The test begins with a 20-meter sprint at maximal speed, immediately followed by an active recovery (slow walking) of 10 seconds.
After the recovery, the athlete immediately starts another 20-meter sprint.
The test continues for a duration of 10 to 20 minutes, with successive series of 20-meter sprints.
Objective: Perform a maximum number of repetitions while maintaining maximal speed.
Results Analysis
Results are evaluated based on the times achieved on each repetition and the decrease in speed as the sets progress. If the athlete manages to maintain a constant speed or high performance across the repetitions, this reflects good recovery capacity and excellent endurance.
Performance Criteria:
Average sprint time: The shorter the time for each repetition, the better the performance.

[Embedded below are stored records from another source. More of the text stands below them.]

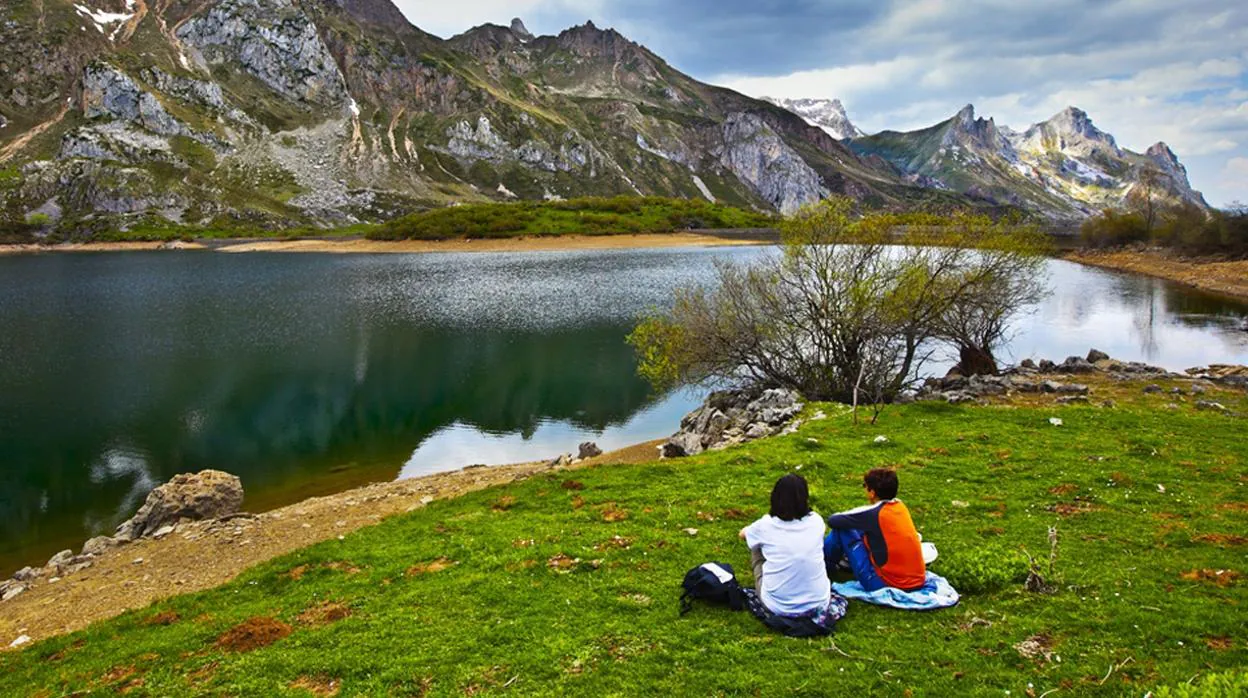 Vistas del Lago del Valle, en el Parque Natural de Somiedo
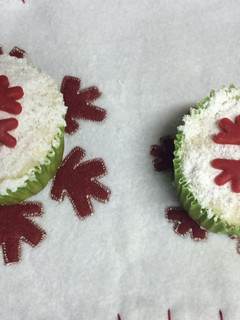 A picture of Snow Cake/Cupcakes #Christmas Baking Contest.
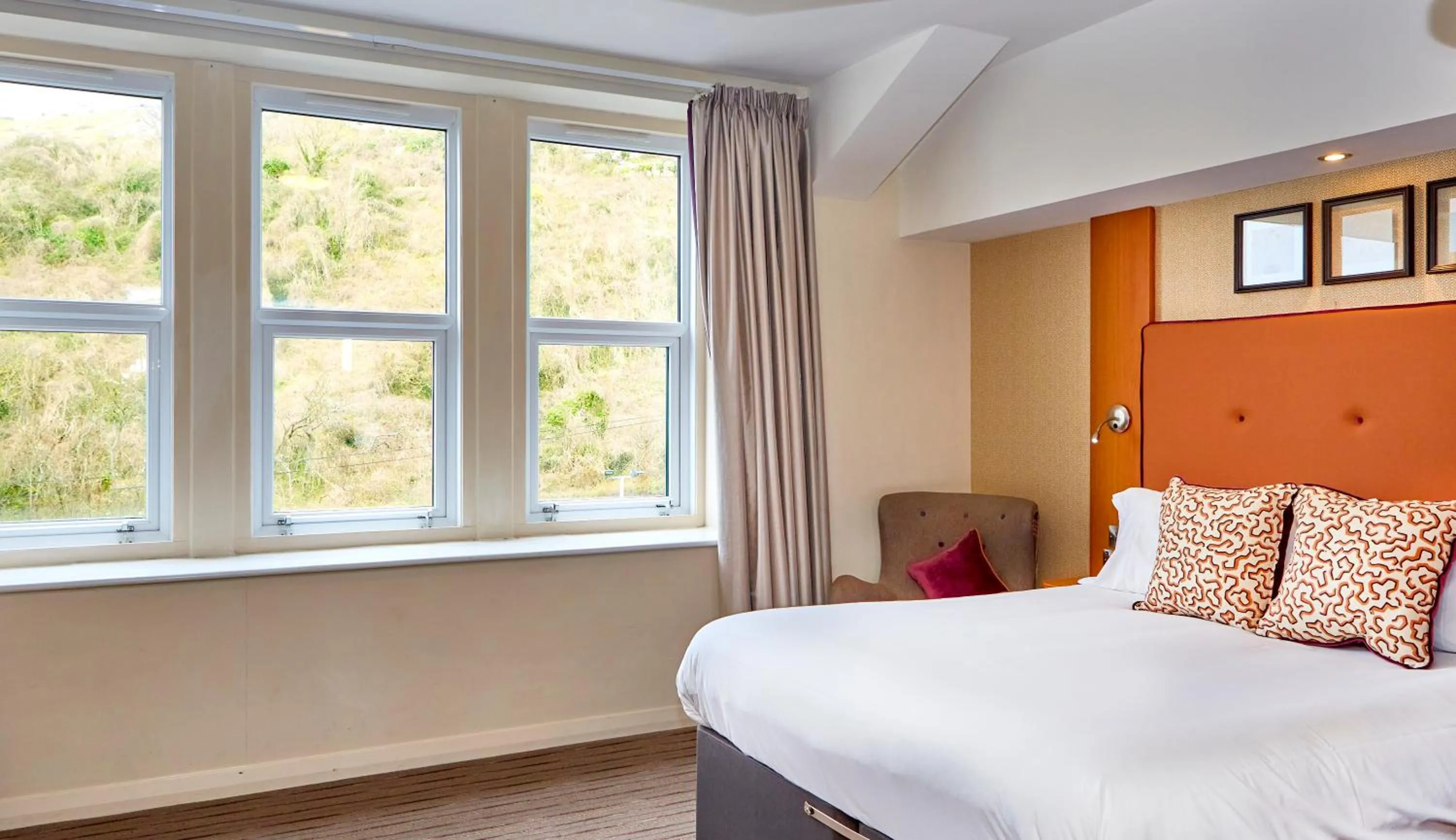 Bed in Craigside Manor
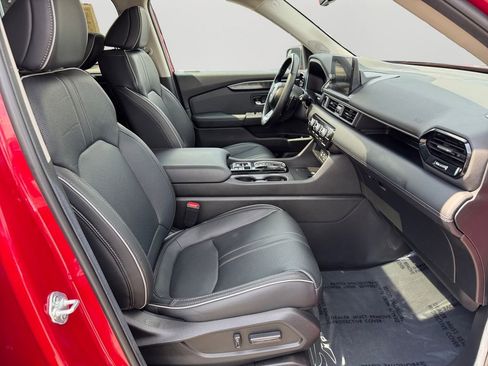 Used 2025 Honda Pilot Elite image 10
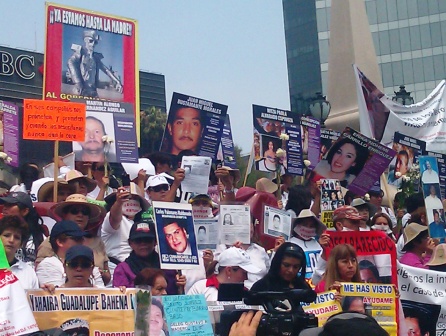 Aspecto de la Marcha del 10 de mayo / Foto: VHC, Educación Centro Prodh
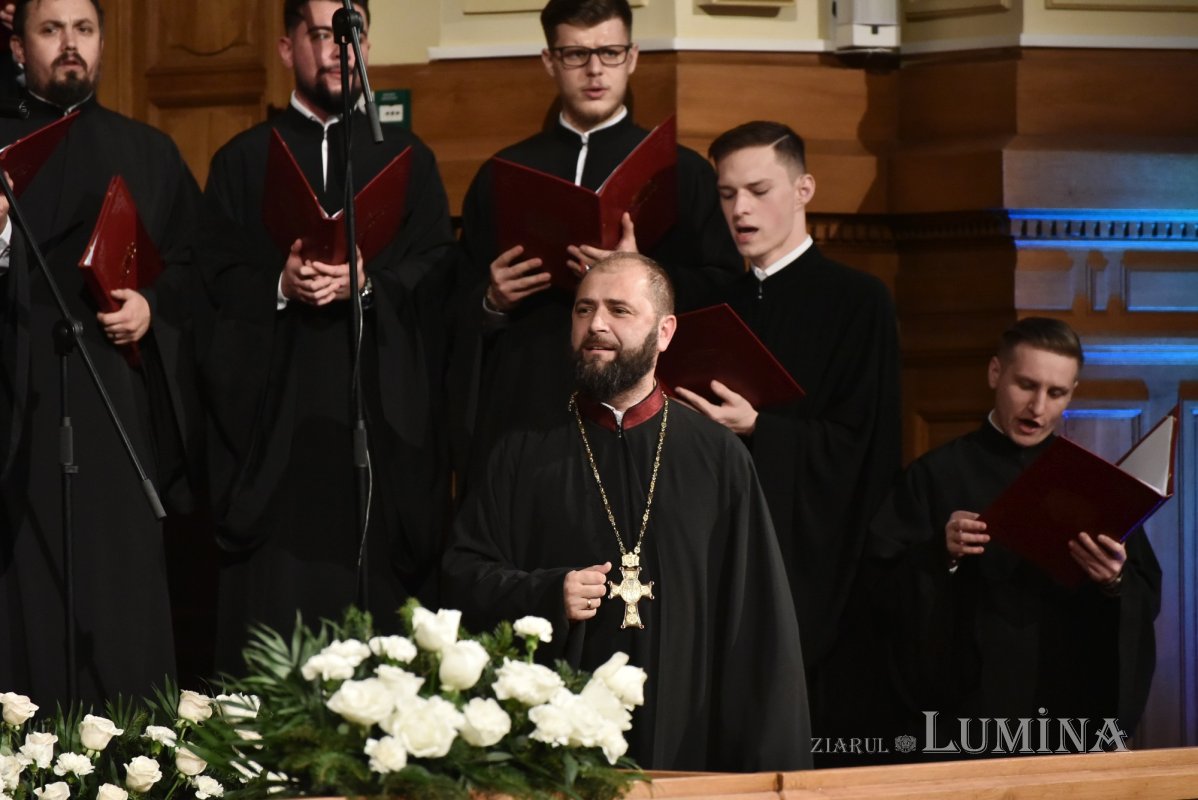 Concertul de colinde „Răsăritul cel de Sus” la Palatul Patriarhiei 281096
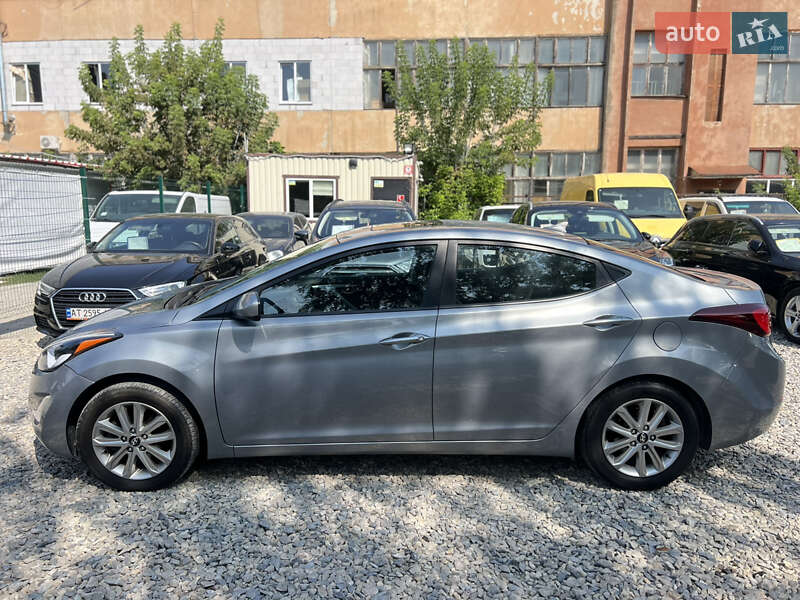 Седан Hyundai Elantra 2015 в Ивано-Франковске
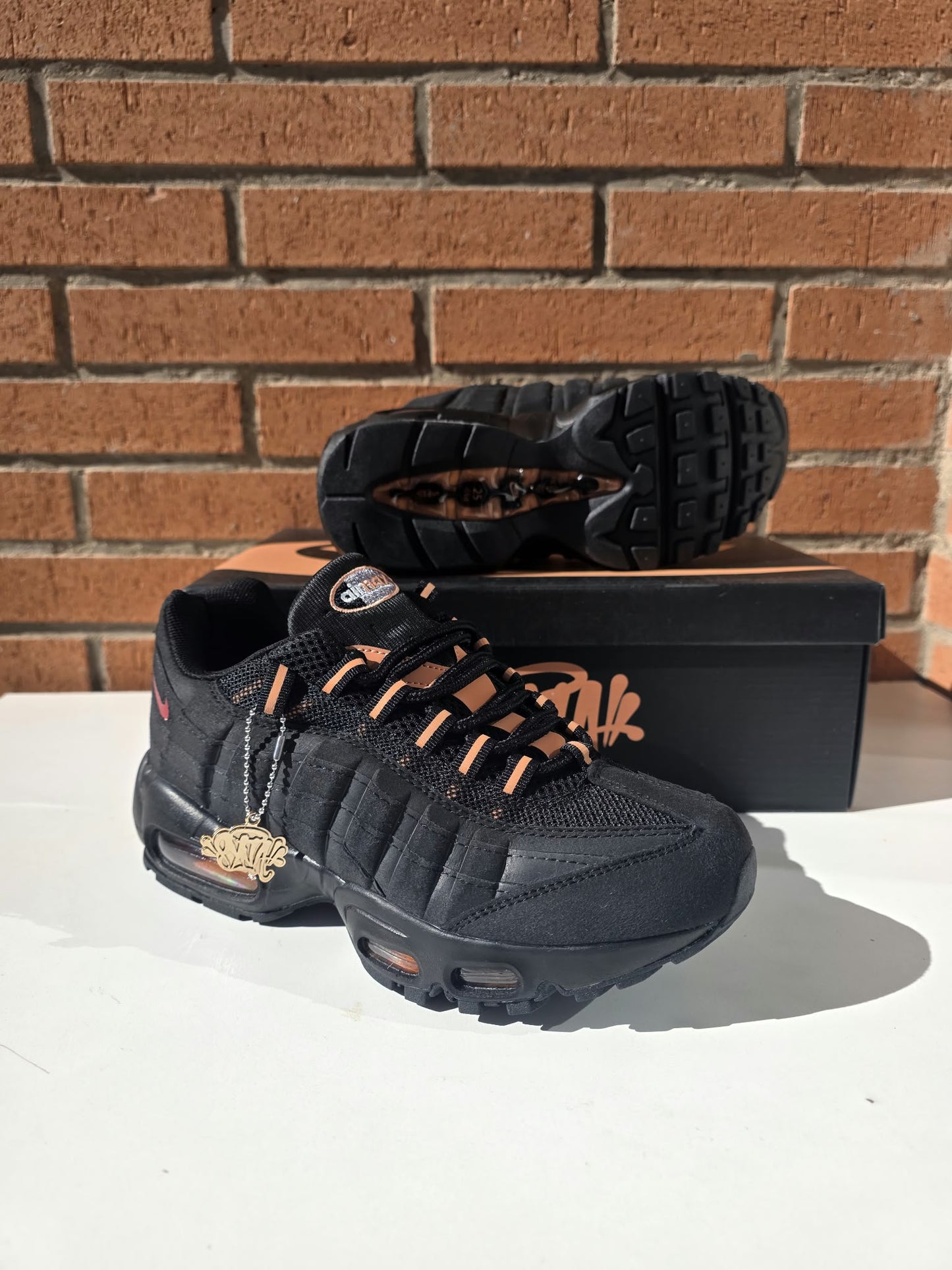 Nike Air Max 95 Central Cee negras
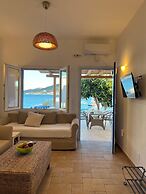 Heliotropio Studios & Apartments
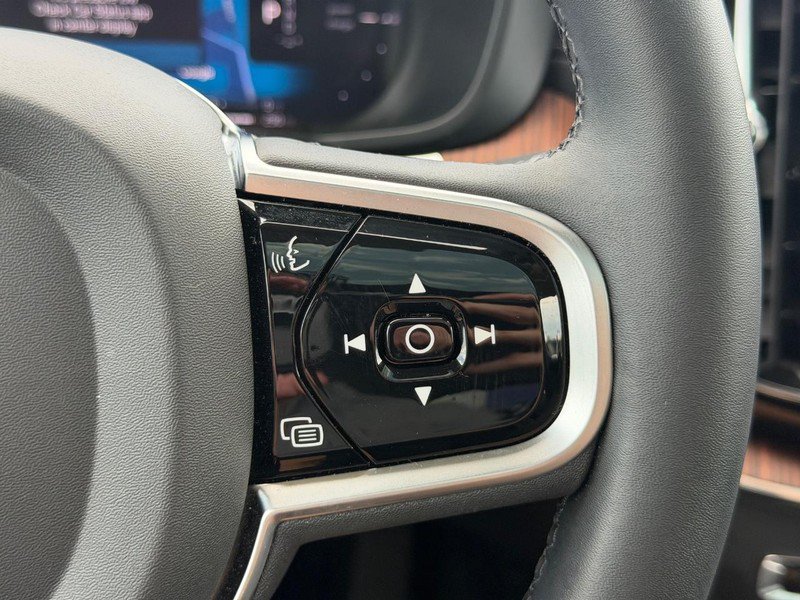 Certified 2024 Volvo XC60 T8 Ultimate AWD/4WD image 18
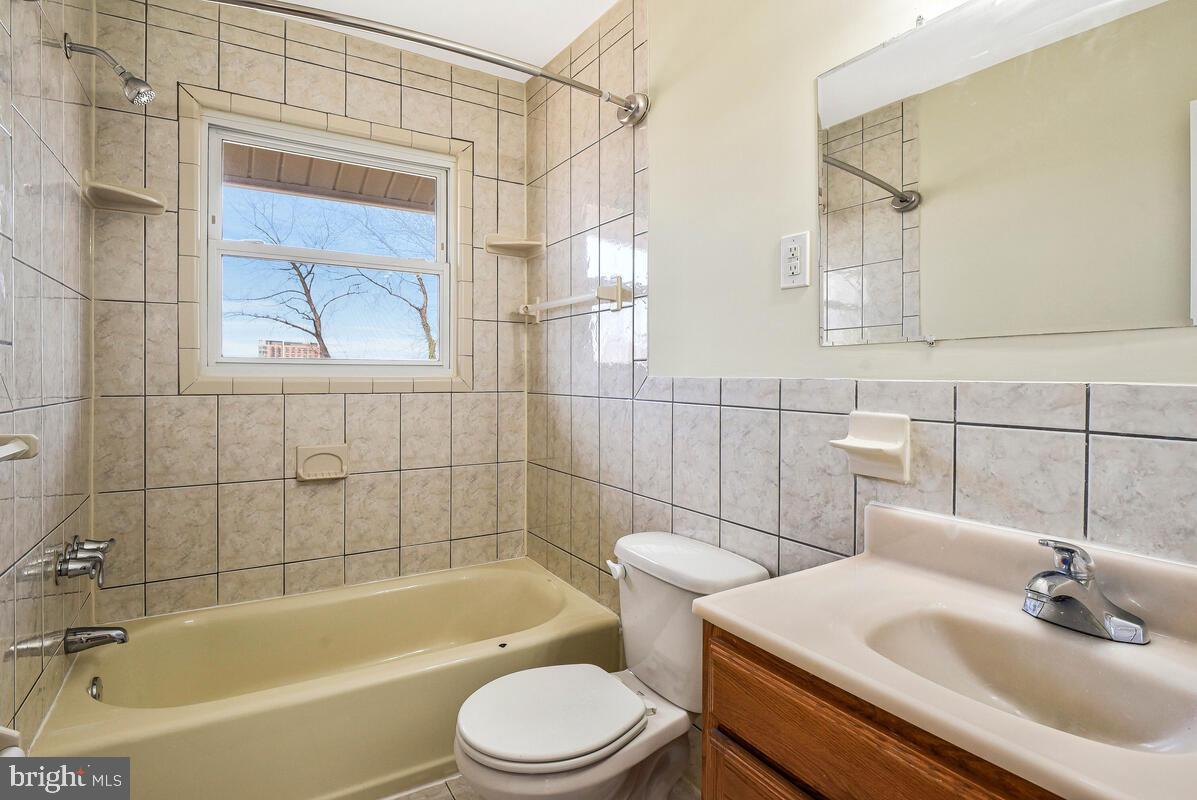 3118 HATCHER ST, ALEXANDRIA, Virginia 22303, 4 Bedrooms Bedrooms, ,2 BathroomsBathrooms,Residential,For sale,3118 HATCHER ST,VAFX2226722 MLS # VAFX2226722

Accumulated fatigue: If performance decreases significantly after several repetitions, it may indicate fatigue or poor recovery capacity.
Interpretation of Results
Number of Repetitions
Performance Level
20 – 25 repetitions
Excellent anaerobic capacity
15 – 19 repetitions
Good anaerobic capacity
10 – 14 repetitions
Average anaerobic capacity
< 10 repetitions
Poor anaerobic capacity
✅ Advantages
Specific to team sports with high-intensity intermittent efforts.
Evaluates both aerobic and anaerobic capacity by measuring speed and the ability to recover between sprints.
Easy to administer with minimal equipment required (only a 20-meter track and a stopwatch).
Allows for tracking athletes' progress in terms of resistance and recovery.
⚠️ Limitations and Recommendations
As with any high-intensity test, it is important that the athlete is properly warmed up before starting to prevent injuries.
If the athlete fails to maintain a high speed after a few repetitions, it could indicate a need to improve active recovery or anaerobic endurance.
💡 Coach’s Tip
The Australian Test can be used regularly to evaluate your athletes' progress in their anaerobic endurance. It can also be an excellent indicator of active recovery between repetitions. If athletes show signs of excessive fatigue, you can adjust the recovery times or modify the number of repetitions in your upcoming tests.